NB: Try to make all cuts at I-frame keyframes, if possible.
Links: 1) PiP Pt II 2) capture commands 3) settings
Editing video in Linux becomes a mental health issue after a decade or more of teeth grinding with Linux GUI video editors. There are basically two backends:ffmpeg and MLT. After a lost 10 years, some users like me resign themselves to command line editing with ffmpeg and melt (the MLT CLI editor).
This post deconstructs a simple PiP screencast, perhaps 6 minutes long. A small project like this exposes nearly all the Linux editing problems which appear in a production length film. This is the additional irony of Linux video editing -- having to become practically an expert just to do the simplest things; all or nothing.
At least five steps are involved, even for a 3.5 minute video.
- get the content together and laid out, an impromptu storyboard. What order do I want to provide information?
- verify the video inputs work
- present and screencapture - ffplay, ffmpeg CLI
- cut clips w/out render - ffmpeg CLI
- assemble clips with transitions - ffmpeg CLI
The command-line PiP video setup requires 3 terminals to be open, 1) for the PiP, 2) for the document cam, 3) for the screen capture. Each terminal has a command. 1) ffplay, 2) ffplay, 3) ffmpeg.
1. ffplay :: PiP (always on top)
The inset window of the host narrating is a PiP that should always be on top.

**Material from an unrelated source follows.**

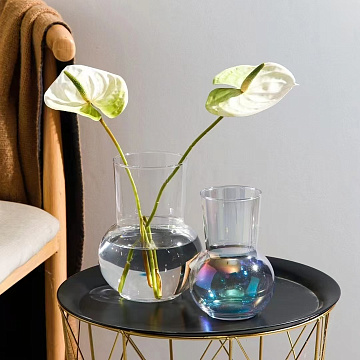 Ваза стеклянная 10,5 * 13,5 * H20 см, 1 шт., радужный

Open a terminal and get this running first. The source is typically the built in webcam, trained on one's face.
$ ffplay -i /dev/video0 -alwaysontop -video_size 320x240
The window always seems to open at 640x480, but then resized down to 160x120 and moved anywhere on the desktop. And then to dress it up with more brightness, some color sat, and mirror flipped...

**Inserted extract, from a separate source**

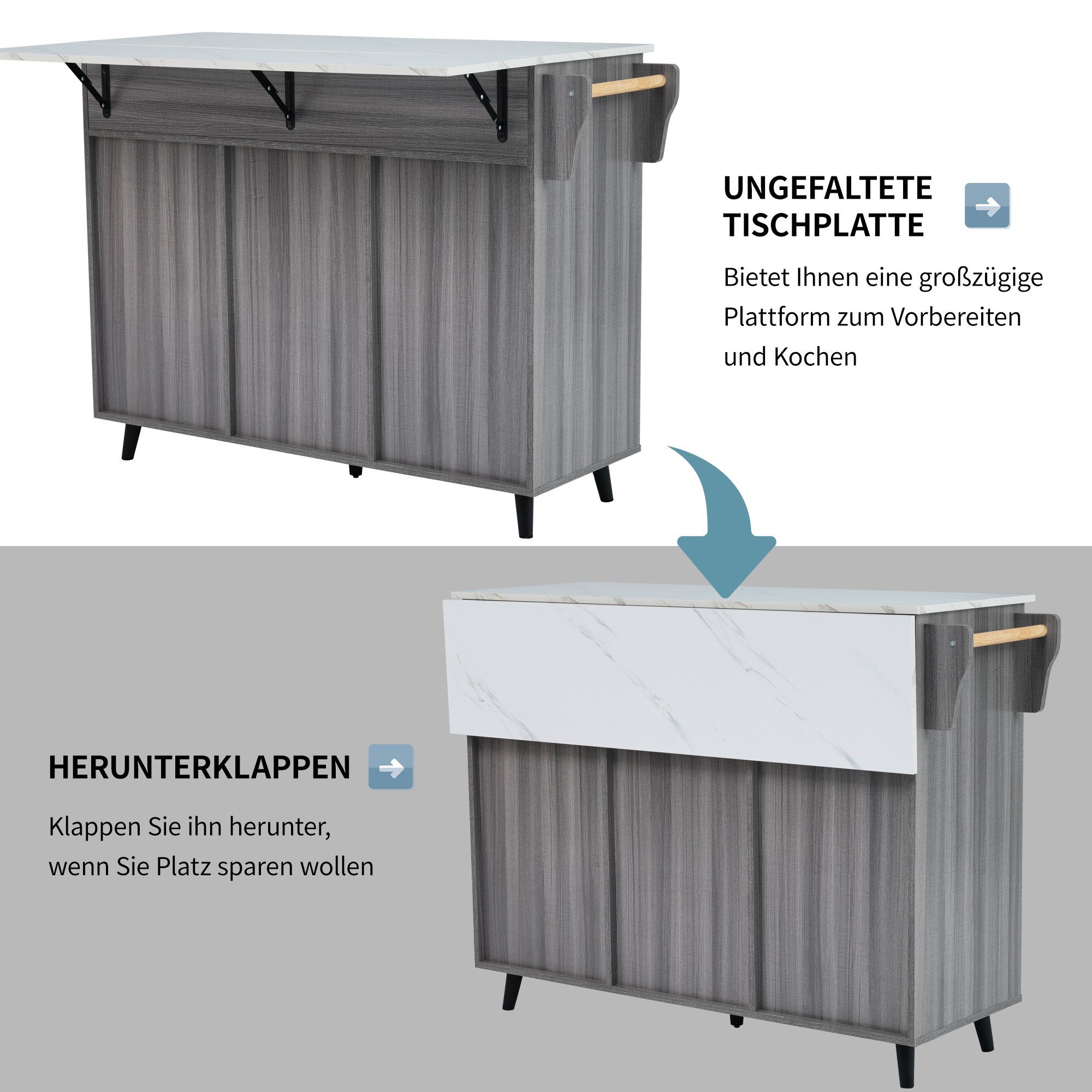 Flieks Küchenwagen mit erweiterbarer Arbeitsplatte (Rollen/Massivholzbeine austauschbar), (1 St., Rollen/Massivholzbeine austauschbar), Kücheninsel mit Schublad – Bild 4 von 5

ffplay -i /dev/video0 -vf eq=brightness=0.09:saturation=1.3,hflip -alwaysontop -video_size 320x240
2. ffplay :: document cam
I start this secondly, and make it nearly full sized, so I can use it interchangeably with any footage of the web browser.
$ ffplay -i /dev/video2 -video_size 640x480
3. ffmpeg :: screen and sound capture
Get your screensize with xrandr, eg 1366x768, then eliminate the bottom 30pixels (20 on some systems) to omit the toolbar. If the toolbar isn't shown, it can be used during recording to switch windows. Syntax: put the 3 flags in this order:
-video_size 1366x738 -f x11grab -i :0
...else you'll probably get only a small left corner picture or errors. Then come all your typical bitrate and framerate commands
$ ffmpeg -video_size 1366x738 -f x11grab -i :0 -r 30 output.mp4
This will encode a cleanly discernable screen at a cost of about 5M every 10 minutes. The native encoding is h264. If a person wanted to instead be "old-skool" with MPEG2 (codec:v mpeg2video), the price for the same quality is about 36 times larger: about 180M for the same 10 minutes. For MPEG2, we set a bitrate around 3M per second (b:v 3M), to capture similarly to h264 at 90K.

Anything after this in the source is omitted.